Network performance is generally considered in terms of speed, accuracy, dependability and availability aspects of point-to-point IP packet delivery. Speed parameters are usually the maximum, average, and variation of packet delay. End-to-end packet delays are the accumulation of transmission, propagation, queueing, and processing delays at each router. Maximum packet delay is obviously important for real-time applications, while delay variation can affect buffer underflow/overflow for streaming applications. Different metrics for delay variation are possible, such as the max-min range, upper quantile, or deviation from an expected reference packet pattern. Accuracy is measured in errored packets, that is, delivered packets with bit errors in the header or payload (the header checksum can detect most errors in the header, resulting in a discarded packet). Accuracy is usually not a parameter of great concern because bit errors in the packet payload are assumed to be correctable by the higher-layer protocols if data integrity is important to the application.
Dependability refers to the packet loss ratio or fraction of packets not delivered. IP packets may be lost due to various reasons: router buffer overflows, bit errors in the packet header, expiration of the time-to-live (TTL) field, unrecognized or unreachable destination address, invalid header fields, or inability to fragment if needed. In the current best-effort IP service, the packet loss ratio can be unbounded but is obviously important to certain real-time applications that cannot retransmit lost data. For applications that can recover lost data through retransmissions, a high loss ratio could result in inefficient multiple retransmissions. If the packet loss ratio is very high, the destination will be considered unavailable.
These performance metrics are generally statistical definitions in reference to a long or infinite time horizon. Also, they implicitly assume no fragmentation but need more careful definition in the case of fragmentation (for example, packet delay when the original packet is divided into multiple independent IP datagrams can mean the maximum delay of any fragment).

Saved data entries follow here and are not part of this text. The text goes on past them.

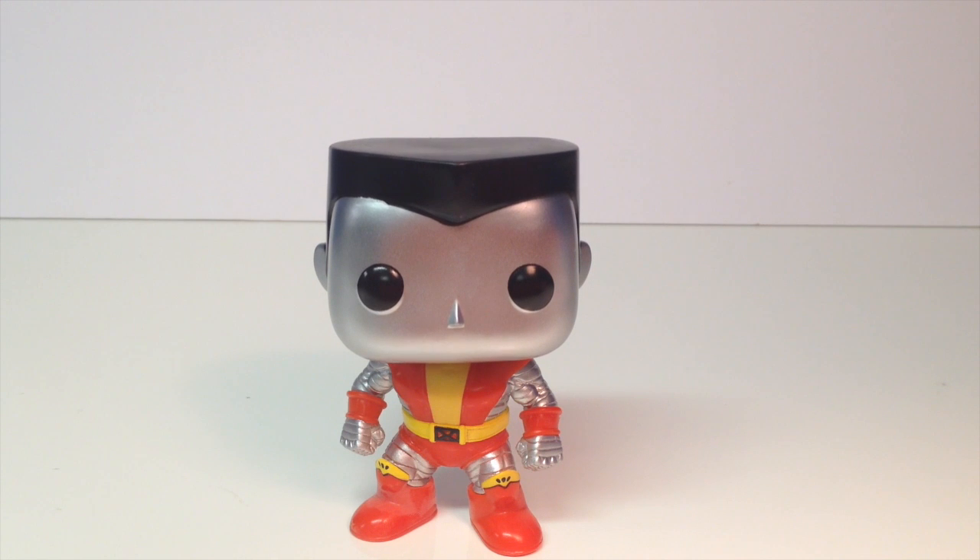This one looked really awesome on my shelf. I definitely recommend buying it. It's less than $20, so it's not too expensive. And I think this one's pretty rare because I haven't seen it that often. Leave a comment below of what you guys think about this pop and whether you'll buy it or not. Thanks for watching this pop review, and if you want to see more, please subscribe to The Collector.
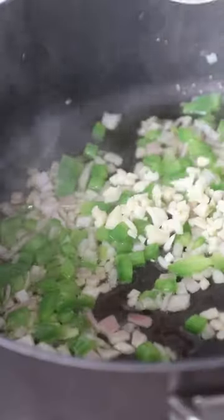Start by boiling water and adding eight ounces of dry orzo. Next, add olive oil to a pan and sauté up some onions, bell pepper, and garlic.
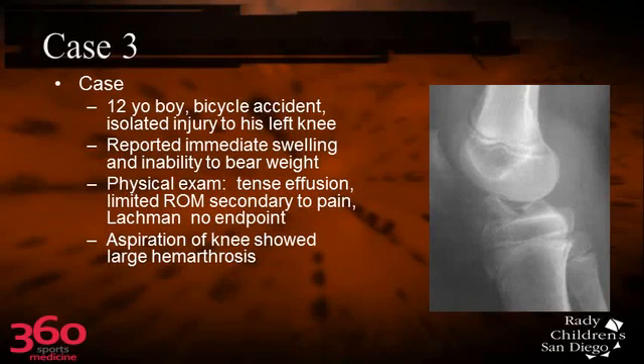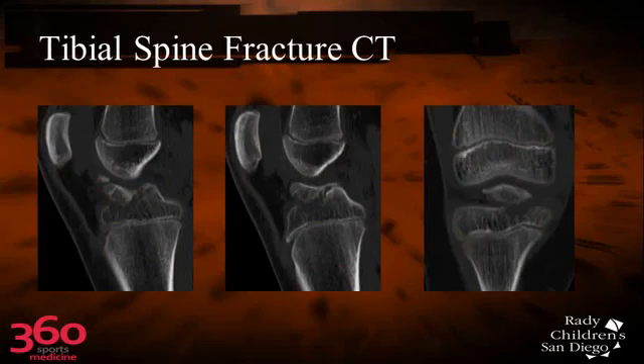Moving on to tibial spine fractures. This is a 12-year-old boy who injured his knee while riding a bicycle, which seems to be one of the most common causes of these tibial spine injuries. He had immediate swelling with a large hemarthrosis of his knee, a Lachman with no endpoint, and aspiration confirmed a large hemarthrosis, which is expected.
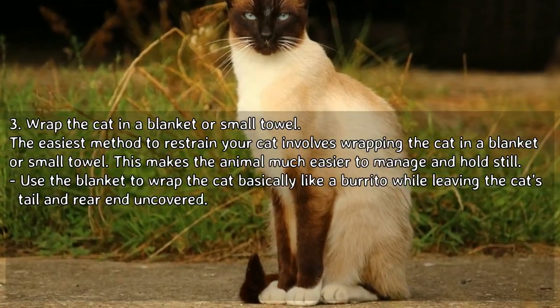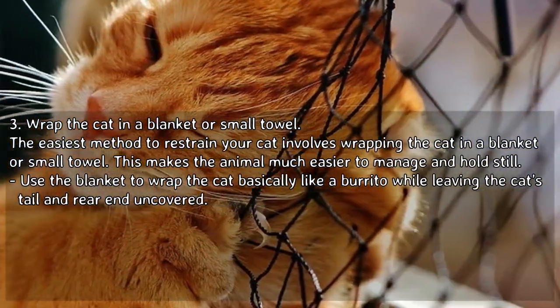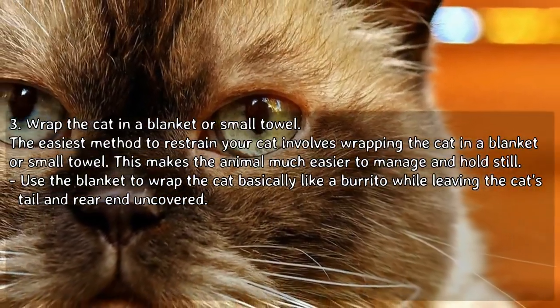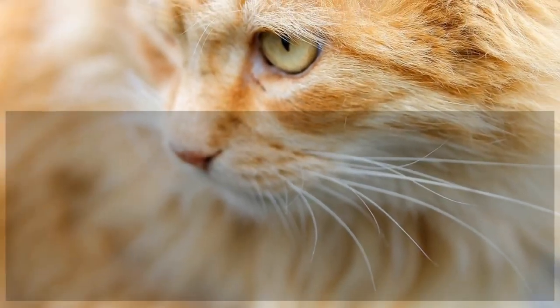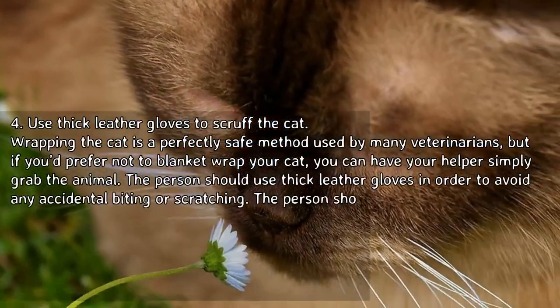Wrap the cat in a blanket or small towel. The easiest method to restrain your cat involves wrapping the cat in a blanket or small towel, making the animal much easier to manage and hold still. Use the blanket to wrap the cat basically like a burrito, while leaving the cat's tail and rear end uncovered.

As mentioned previously, the traditional means for IP-layer performance measurements is the ping tool (and its many variations), which is a pair of ICMP echo request and echo response messages to verify connectivity to a host. The ICMP was designed mainly to report trouble conditions from routers (for example, destination-unreachable causes) instead of a means to carry out performance measurements. Although ping is mainly for verifying connectivity to another host, it can be used in more general ways. Repeated pings are an active, on-demand method to collect an empirical distribution function of roundtrip delay. Packet delays and delay jitter are directly proportional to congestion, so repeated pings can provide an indication of congestion level. Also, since pings are themselves IP packets, they can provide a sample of the general packet loss ratio.

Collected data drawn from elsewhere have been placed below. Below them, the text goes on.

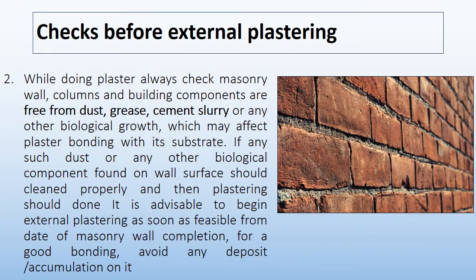The second check is: while doing plaster, always check that masonry walls, columns, and building components are free from dust, grease, cement slurry, or any other biological growth which may affect plaster bonding with its substrate. If any such dust or biological component is found, the wall surface should be cleaned properly before plastering. It is advisable to begin external plastering as soon as feasible from the date of masonry wall completion for good bonding — avoid any deposit or accumulation on it.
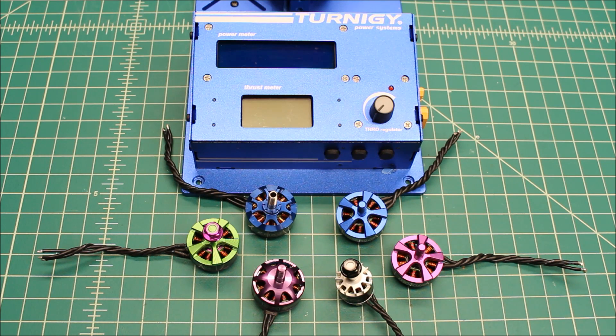The baseline or control test is going to always be — unless otherwise noted in the video — a Tattoo 75C 4S battery and a DYS XS20 BioHeli S ESC. We're going to get the weight on each individual motor and do some general measurements. This will give us a real idea of what one motor will do over the next.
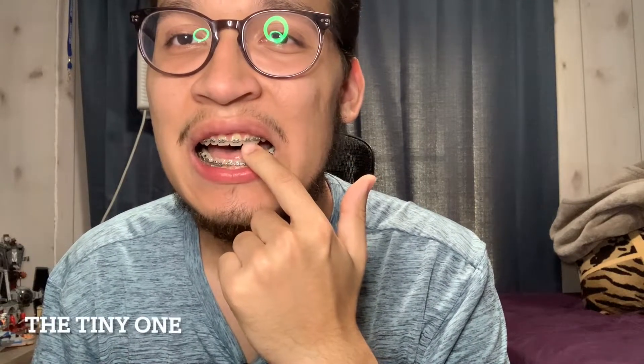I saved the best for last — I'm going to go ahead and show what my smile looks like, my side profile, and all that stuff, just to keep it logged for when I look back at these videos. So this is how my teeth are looking right now. As you can tell, I have a gap up and down right here. I'd like to think it's closing. This tooth right next to the big one is having a hard time coming up.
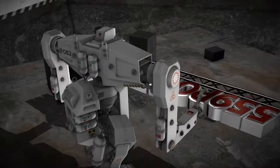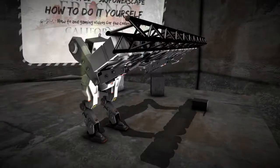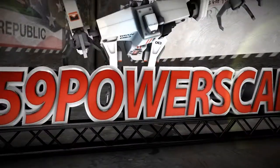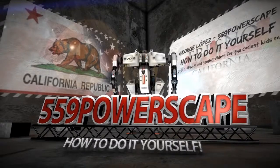Today we're going to remove the passenger taillight on a 2013 Ford Edge. The tools you're going to need are a 5/16ths socket and a trim removal tool. Let's go ahead and get started.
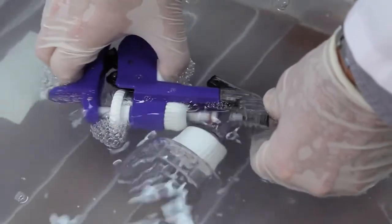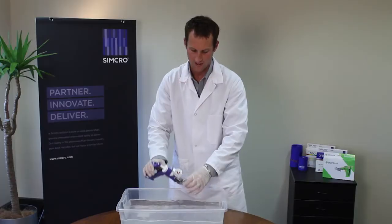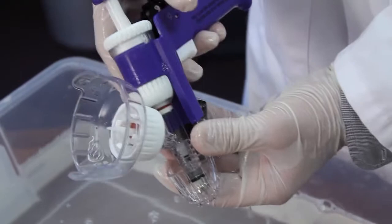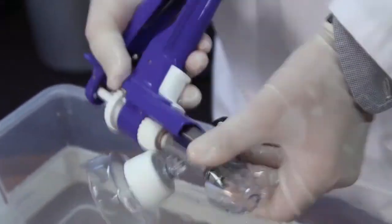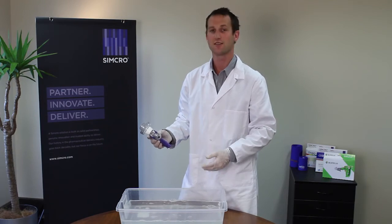That runs warm soapy water through the system and cleans everything out. Then obviously the final step is just to get everything out of there, leave it to dry, and it's ready to use next time.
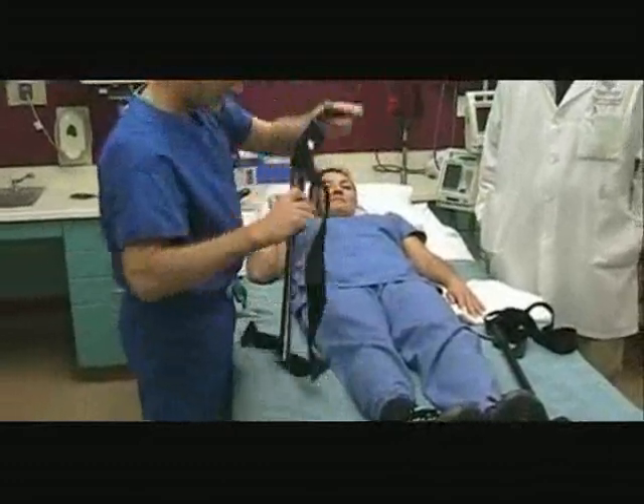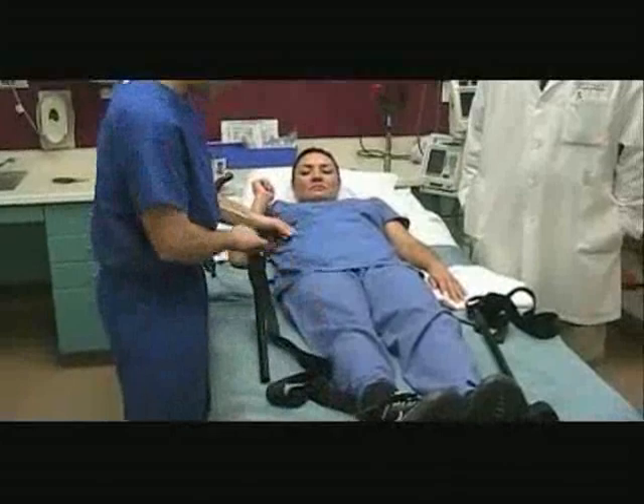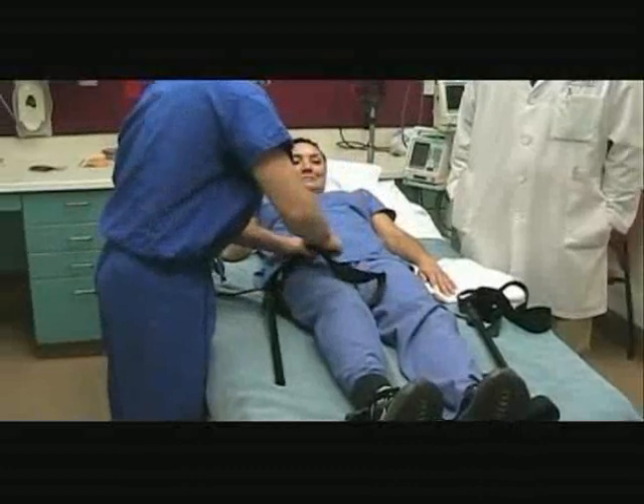This is the groin strap. The female buckle should sit anterior to the thigh and just snaps in place.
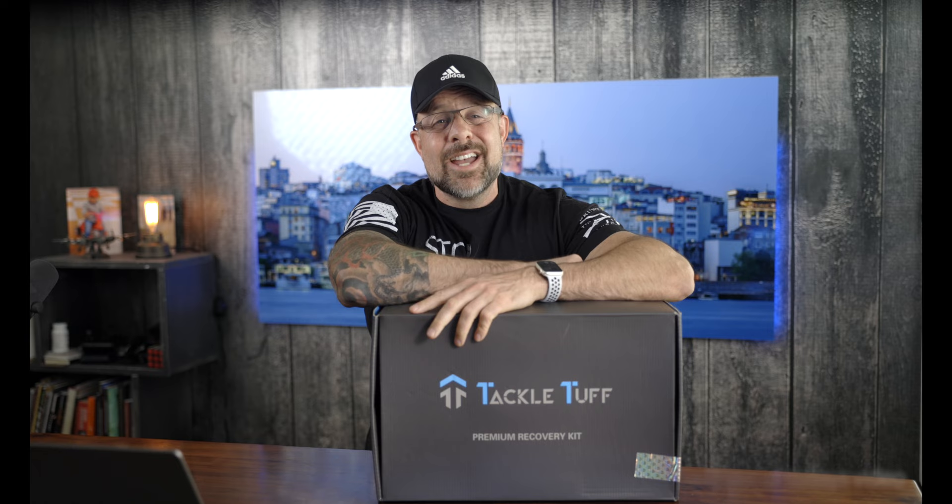In addition to all that, you need things like shackles, snatch blocks, a recovery strap, and a tree-saving strap - and that's exactly what we're going to be talking about today from this kit from Tackle Tough.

Usually, pings are not repeated frequently enough to significantly affect network performance. However, the accuracy of delay measurements is a more signficant issue. First, if the network behavior is periodic, periodically repeated pings may not observe the behavior accurately. Second, periodic sampling may affect network behavior by some unpredictable synchronization effect. Poisson sampling (with exponentially distributed random times between samples) as a way of random sampling has been recommended [7]. Third, one-way delay is more important for certain applications than roundtrip delay (and one-way delay is a more typical QOS parameter). One-way delay might be measured if the ICMP echo request message contains a timestamp, but the accuracy of this method has two requirements: clocks (time-of-day) at the source and destination hosts must be synchronized (today, synchronization within 100µsec is affordable by means of global positioning systems); and hosts must be able to write timestamps immediately prior to packet transmission and read timestamps immediately after packet receipt (possibly with special hardware).

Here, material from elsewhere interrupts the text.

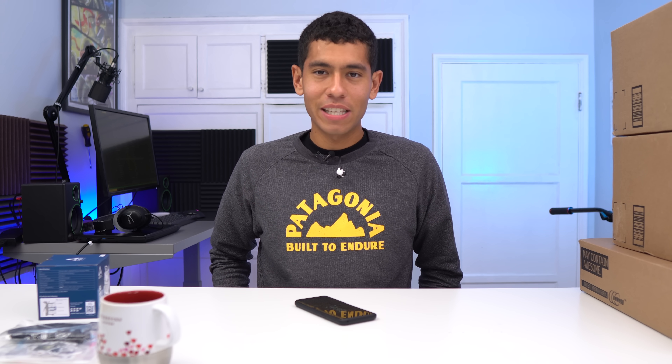Yo, what up guys, how's it going? I know it's been a while, but I'm back at it again with another PC build. In this video, we're working with a $600 budget. This build was inspired by one of Overwatch's Heroes, DVA, as well as your comments.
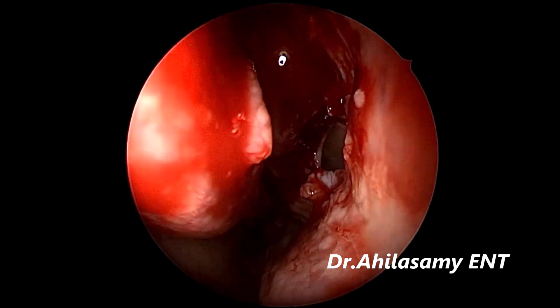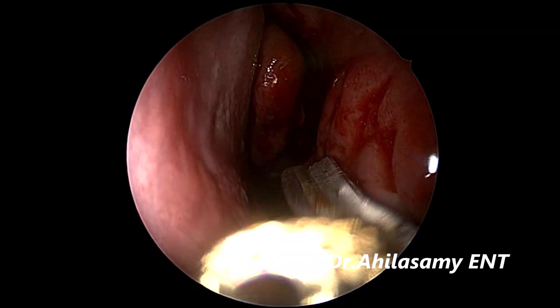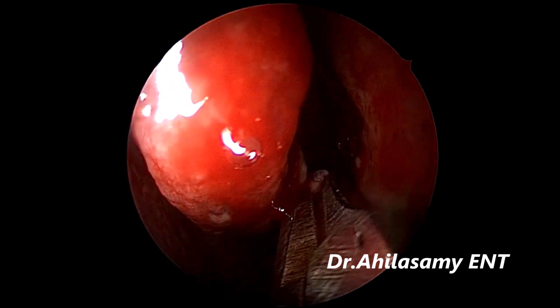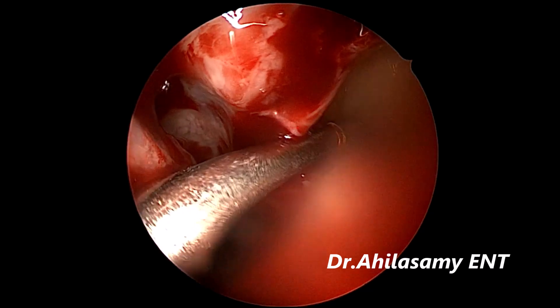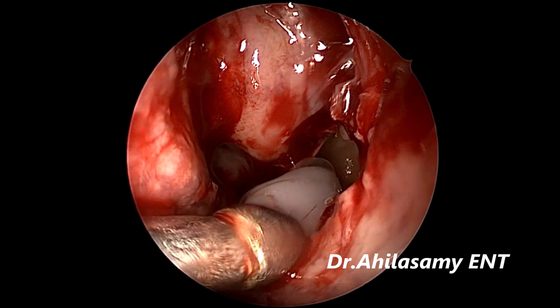Now already the MMA is open wide, and I am using the through-biter to still more widen the posterior lip of the MMA. That is middle meatal antrostomy. You can see the MMA coming into view. That is secretions. I am using the curved sucker to suck out the secretions.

Ping is an example of black box testing in which the network is used only for packet delivery. This has the advantage of simple implementation (no special packet processing within the network), but no information is collected about intermediate routers. Observability of intermediate routers is enabled by another widely used program, traceroute, which exploits the ICMP time exceeded message normally generated to signal a packet loss due to expiration of the TTL field. Traceroute deliberately sends a sequence of IP packets with limited TTL fields to discover routers within a proximity. Because IP is connectionless, however, traceroute does not guarantee the discovered route was the actual route followed by a packet.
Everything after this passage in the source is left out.